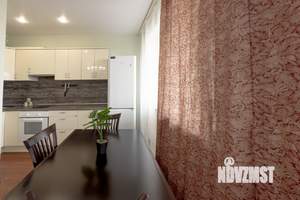 Студия квартира, посуточно, 40м2, 13/17 этаж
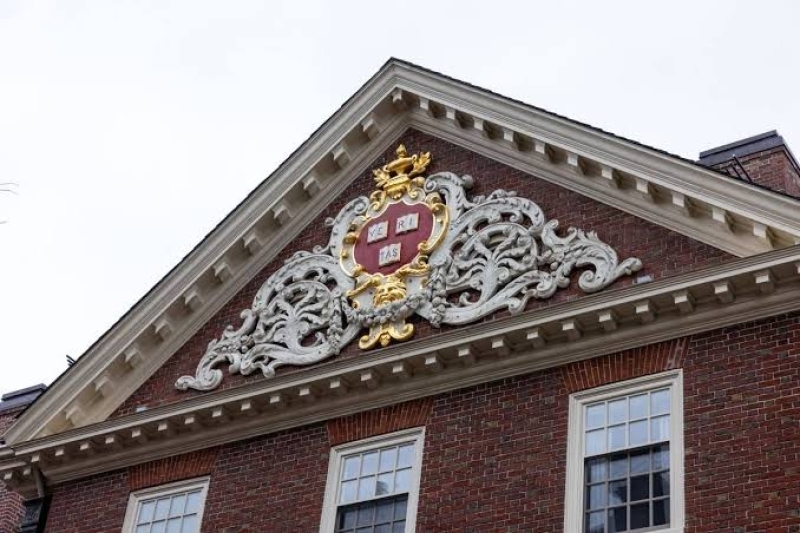 harvard-university-gate-73ff295f1dd578ed1b845e1ae4d6462d1756956392.jpg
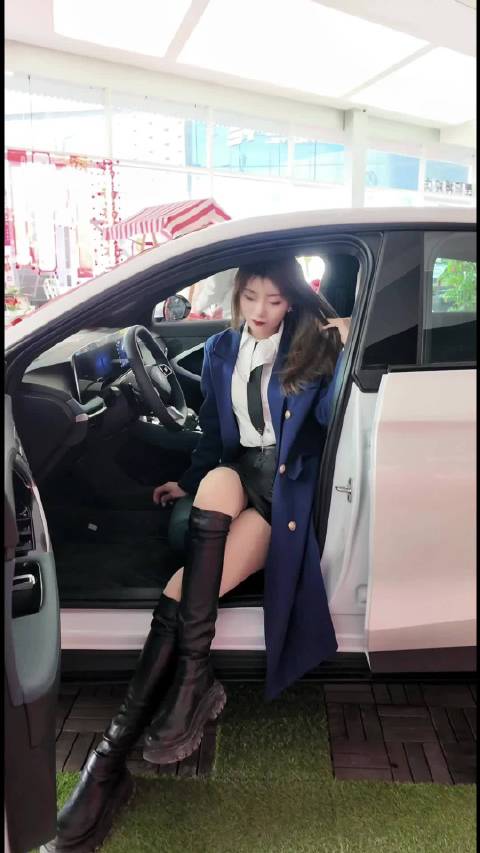 试驾 MG7 & 领克 03 2.0T｜运动轿跑实测体验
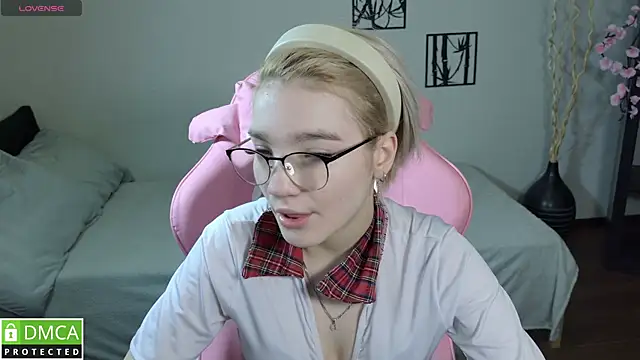 Megan Lora online show from January 9, 2026, 12:50 am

Instructions to follow = Give the data again exactly. Keep the images out.

Completed task =
 Студия квартира, посуточно, 40м2, 13/17 этаж
 harvard-university-gate-73ff295f1dd578ed1b845e1ae4d6462d1756956392.jpg
 试驾 MG7 & 领克 03 2.0T｜运动轿跑实测体验
 Megan Lora online show from January 9, 2026, 12:50 am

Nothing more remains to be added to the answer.